### Work instruction:
Verbatim transcription with images omitted: return the entries below in full.

[Source material — start]

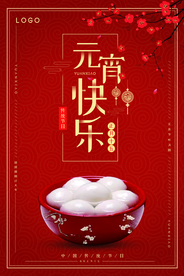 中国风喜庆元宵节海报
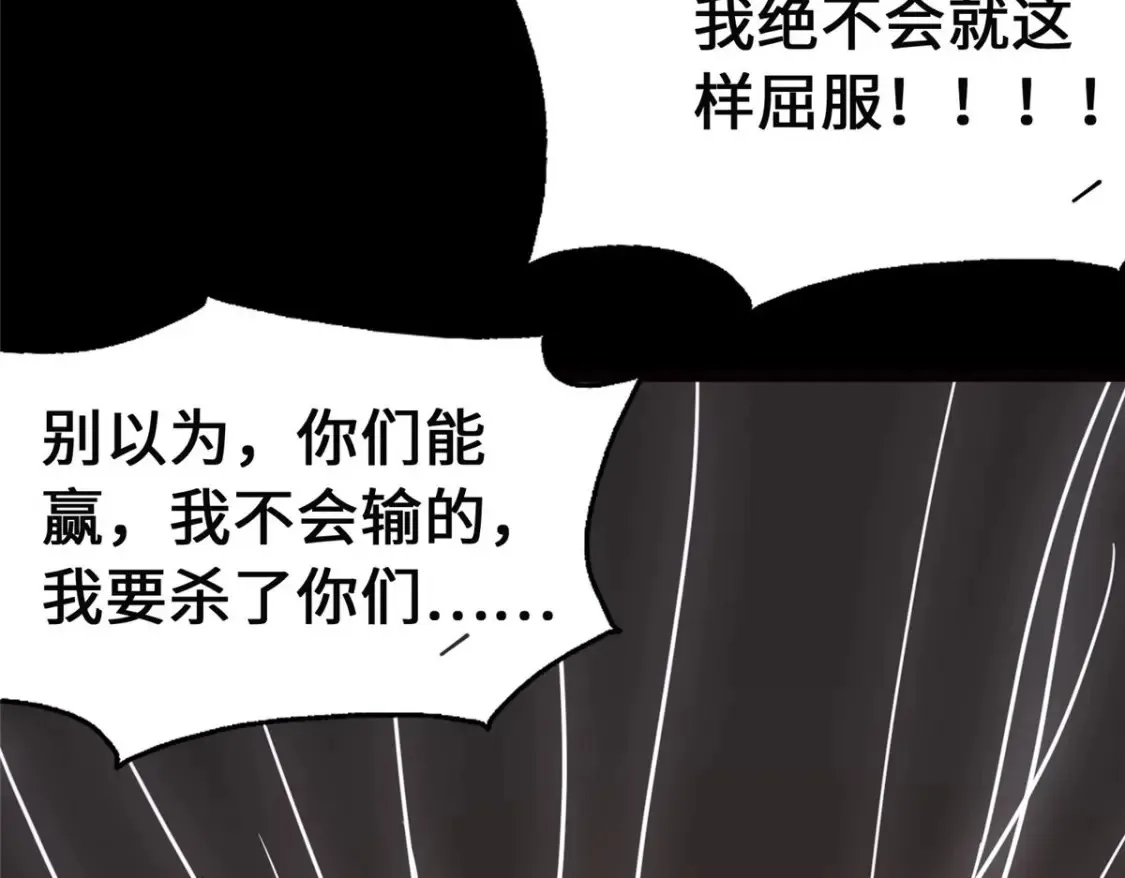 396 第200页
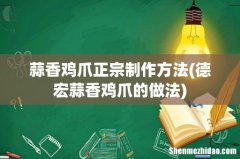 德宏蒜香鸡爪的做法 蒜香鸡爪正宗制作方法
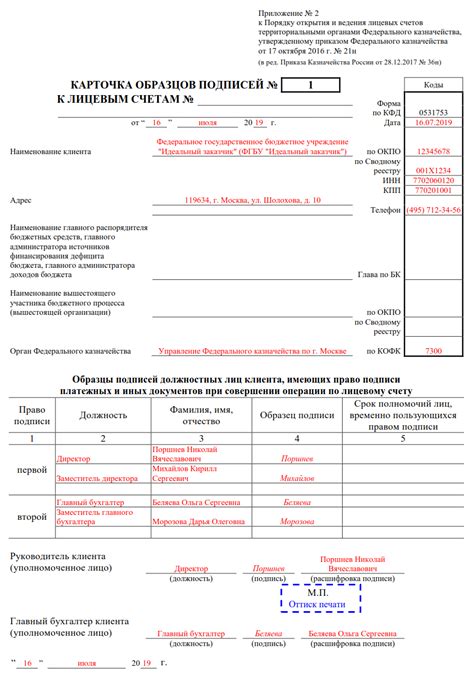 Существенность регистрации предприятия и открытия счета в центре казначейства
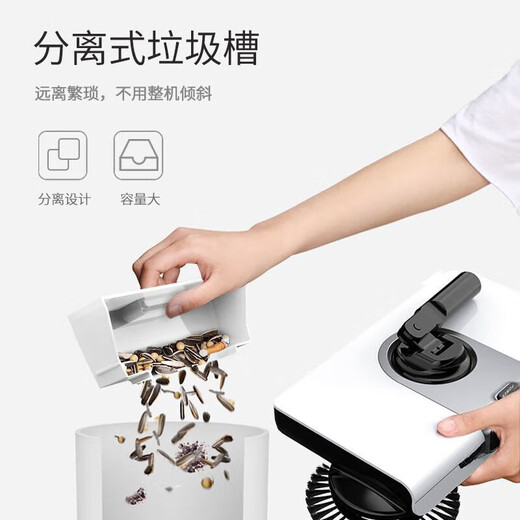 Xiaomi Wolfs neue kehrende Robotertücher und wischende integrierte handpushende Haushaltsbesen Artefaktbesen Staubpan eingerichtetes Modell - Orange [1 Stoff insgesamt]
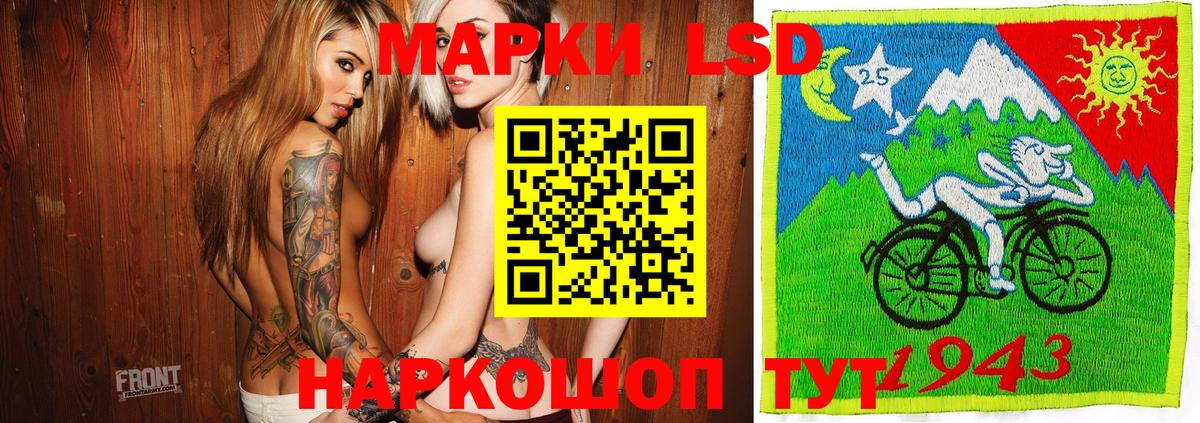Наркотические марки 1500мкг  Вход с VPN  Котельники 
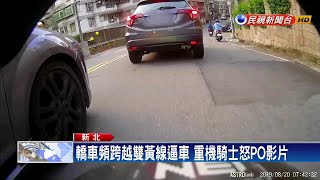 轎車頻跨越雙黃線逼車 重機騎士怒PO影片－民視新聞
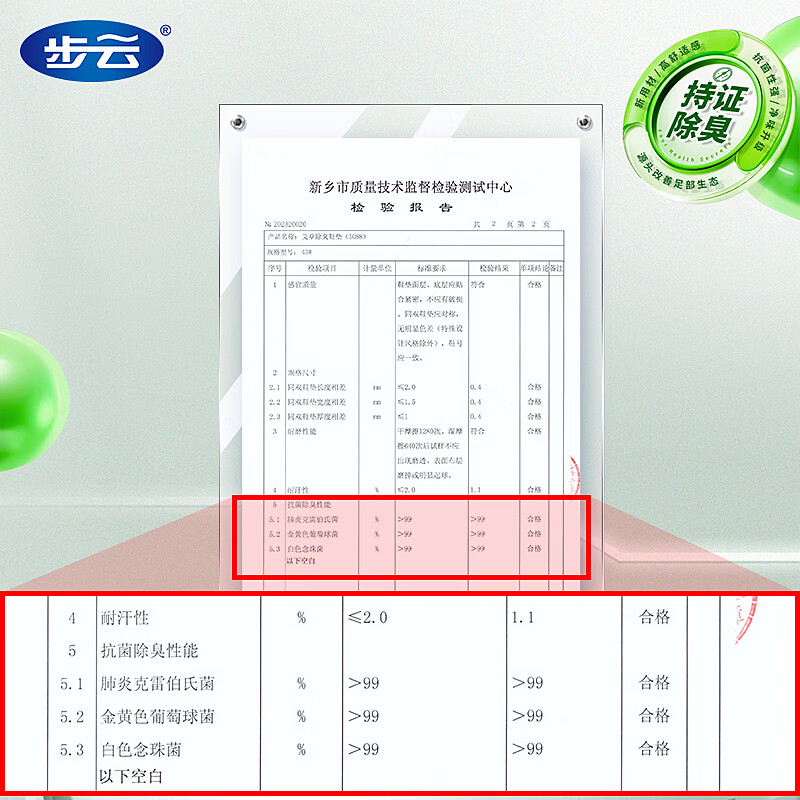 步云除臭鞋垫男强吸汗透气艾草防臭女软底舒适按摩防汗脚鞋垫轻薄四季 【3双装绿色】网眼透气|艾草除臭 41-42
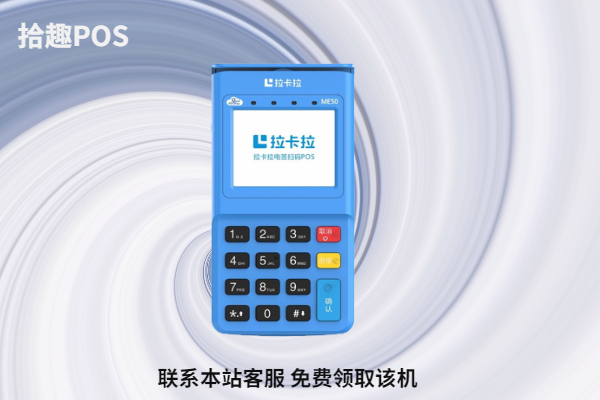 个人用pos机怎么刷钱出来？刷出来的钱是到哪里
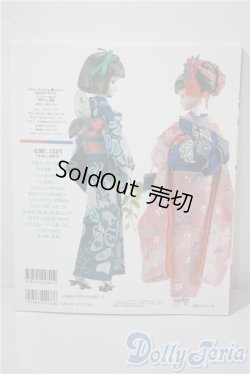 画像2: 日本ヴォーグ社/わたしのドールブック ジェニーNo.3 ゆかたと着物 A-25-03-05-1052-TN-ZU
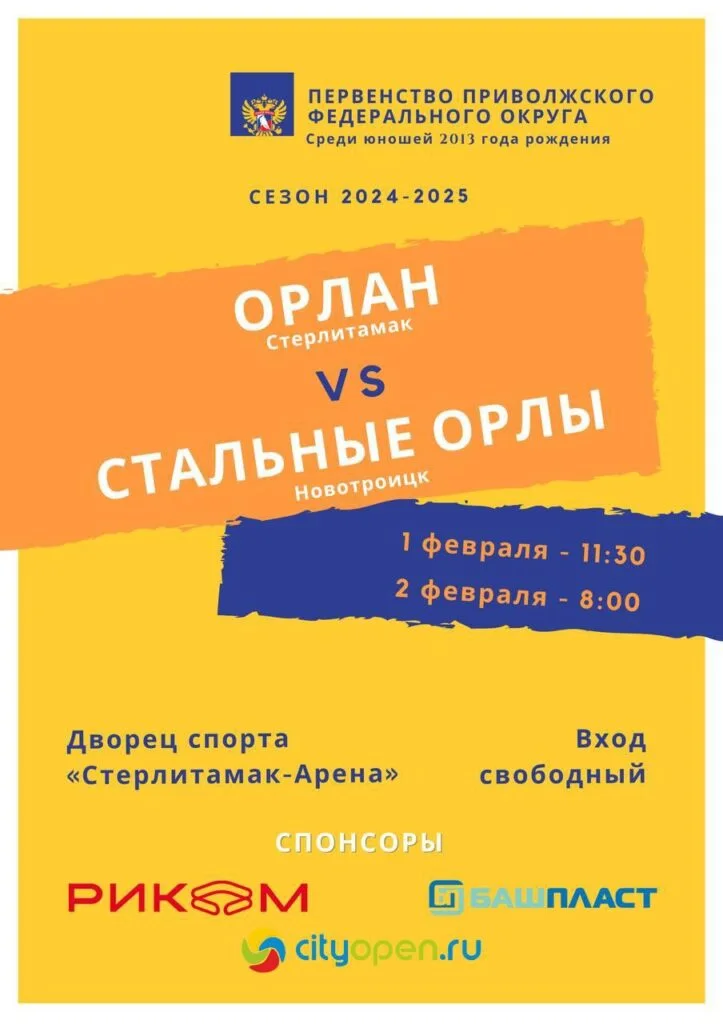 «Орлан» vs ХК «Стальные орлы»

[Source material — finish]

### Solution to this task:
 中国风喜庆元宵节海报
 396 第200页
 德宏蒜香鸡爪的做法 蒜香鸡爪正宗制作方法
 Существенность регистрации предприятия и открытия счета в центре казначейства
 Xiaomi Wolfs neue kehrende Robotertücher und wischende integrierte handpushende Haushaltsbesen Artefaktbesen Staubpan eingerichtetes Modell - Orange [1 Stoff insgesamt]
Наркотические марки 1500мкг  Вход с VPN  Котельники 
 轎車頻跨越雙黃線逼車 重機騎士怒PO影片－民視新聞
 步云除臭鞋垫男强吸汗透气艾草防臭女软底舒适按摩防汗脚鞋垫轻薄四季 【3双装绿色】网眼透气|艾草除臭 41-42
 个人用pos机怎么刷钱出来？刷出来的钱是到哪里
 画像2: 日本ヴォーグ社/わたしのドールブック ジェニーNo.3 ゆかたと着物 A-25-03-05-1052-TN-ZU
 «Орлан» vs ХК «Стальные орлы»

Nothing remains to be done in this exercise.